> _WHAT YOU HAVE TO DO_
Apart from the pictures, every entry must be retyped exactly.

━━ DATA SHOWN

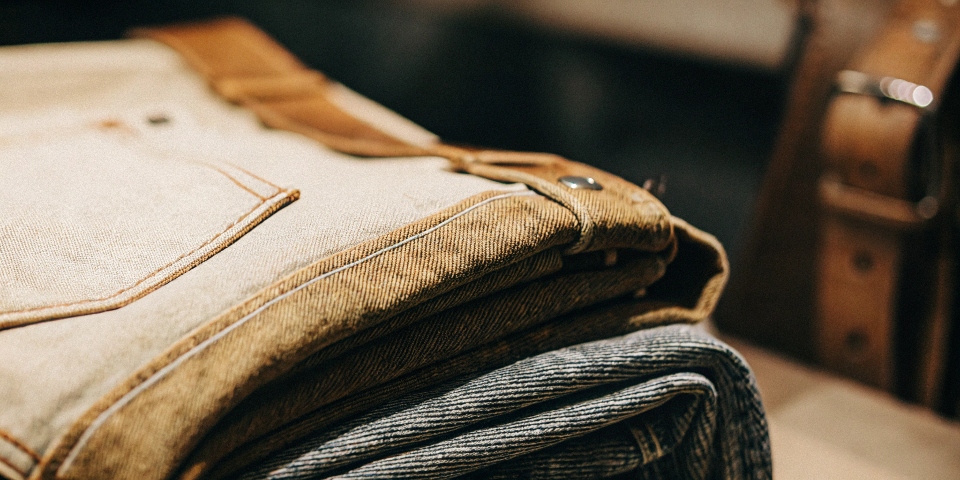 A close-up shot of a thick, 16oz selvedge denim fabric, highlighting its dense weave and rich texture.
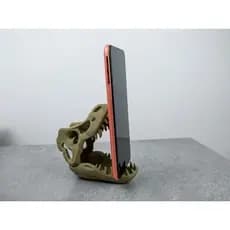 Excelente suporte para telefone ou tablet no estilo crânio de T-Rex.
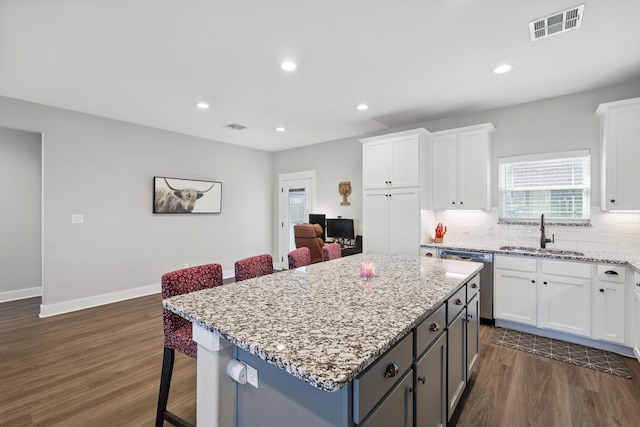 kitchen featuring visible vents, white cabinets, dishwasher, a kitchen bar, and a sink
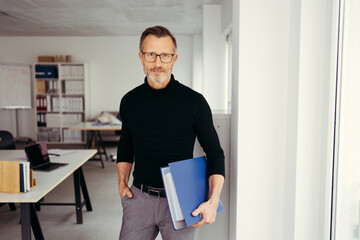 older businessman with glasses holds a folder and looks into the camera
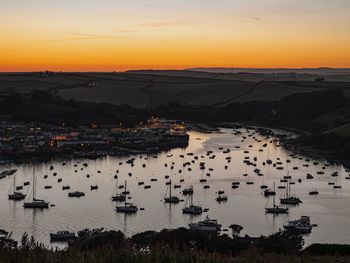 High angle view of sea by buildings against sky during sunset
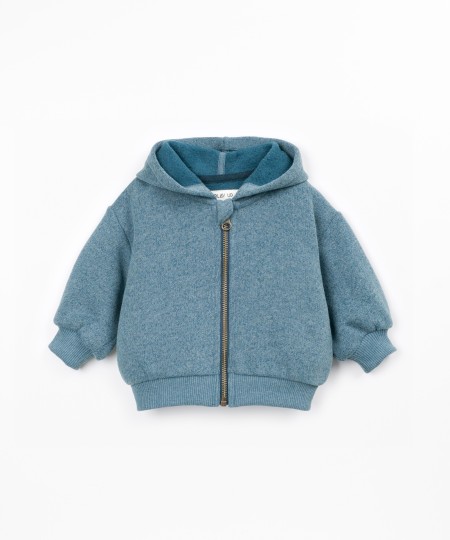 Knitted jacket with a blend of cotton and recycled fibers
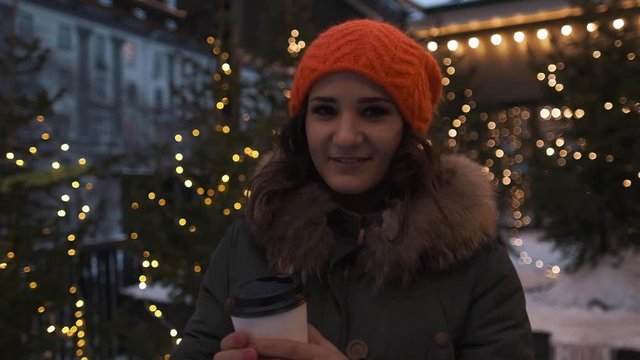 Portrait of an attractive girl in a bright hat with coffee in hands in the winter on a background of lights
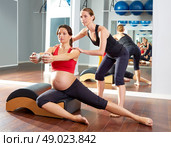 pregnant woman pilates side stretchs exercise workout at gym with personal trainer. Стоковое фото, агентство Ingram Publishing / Фотобанк Лори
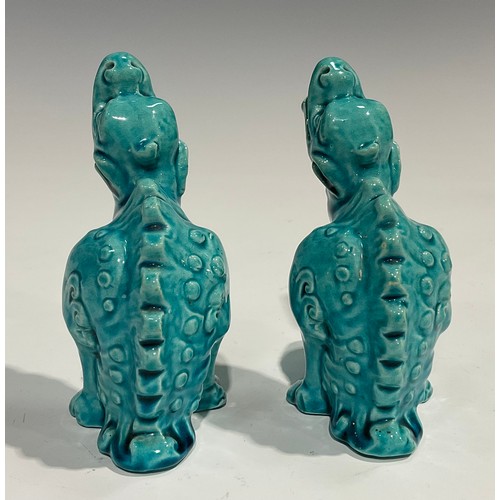 59 - A pair of Burmantofts Faience models, of dragon type mythical beasts, glazed throughout in turquoise... 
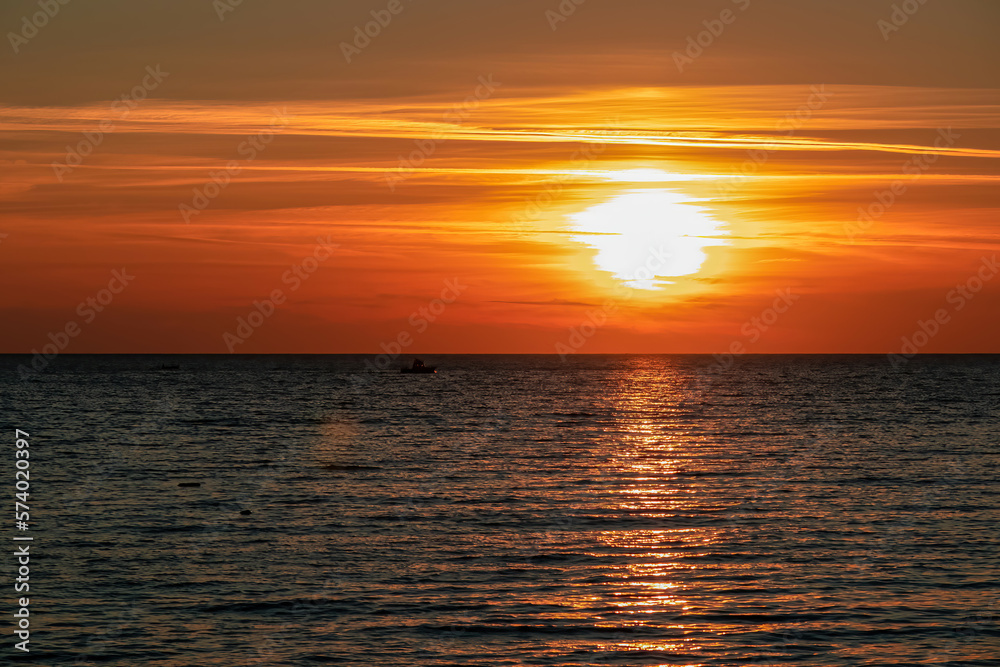 Small fishermen boat with scenic sunset view from Sveti Stefan at Adriatic Mediterranean Sea, Budva Riviera, Montenegro, Europe. Reflection of sun beams on water surface. Summer vacation atmosphere Small fishermen boat with scenic sunset view from Sveti Stefan at Adriatic Mediterranean Sea, Budva Riviera, Montenegro, Europe. Reflection of sun beams on water surface. Summer vacation atmosphere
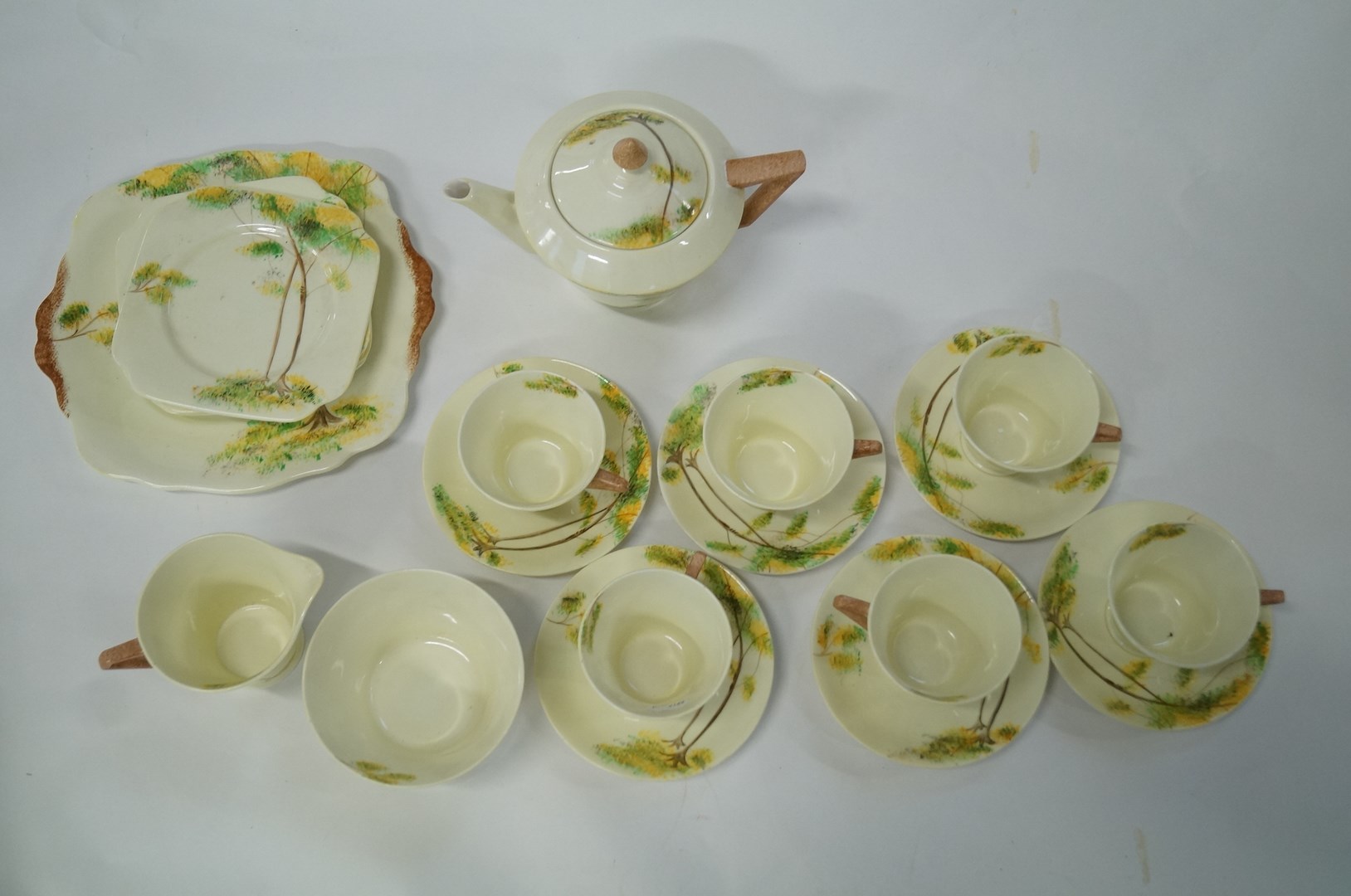 A Bell China tea service painted with trees in a landscape, to include six tea cups, six saucers,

━━━━

> _WRITTEN RESPONSE_
 A close-up shot of a thick, 16oz selvedge denim fabric, highlighting its dense weave and rich texture.
 Excelente suporte para telefone ou tablet no estilo crânio de T-Rex.
 kitchen featuring visible vents, white cabinets, dishwasher, a kitchen bar, and a sink
 older businessman with glasses holds a folder and looks into the camera
 High angle view of sea by buildings against sky during sunset
 Knitted jacket with a blend of cotton and recycled fibers
 Portrait of an attractive girl in a bright hat with coffee in hands in the winter on a background of lights
 pregnant woman pilates side stretchs exercise workout at gym with personal trainer. Стоковое фото, агентство Ingram Publishing / Фотобанк Лори
 59 - A pair of Burmantofts Faience models, of dragon type mythical beasts, glazed throughout in turquoise... 
 Small fishermen boat with scenic sunset view from Sveti Stefan at Adriatic Mediterranean Sea, Budva Riviera, Montenegro, Europe. Reflection of sun beams on water surface. Summer vacation atmosphere Small fishermen boat with scenic sunset view from Sveti Stefan at Adriatic Mediterranean Sea, Budva Riviera, Montenegro, Europe. Reflection of sun beams on water surface. Summer vacation atmosphere
 A Bell China tea service painted with trees in a landscape, to include six tea cups, six saucers,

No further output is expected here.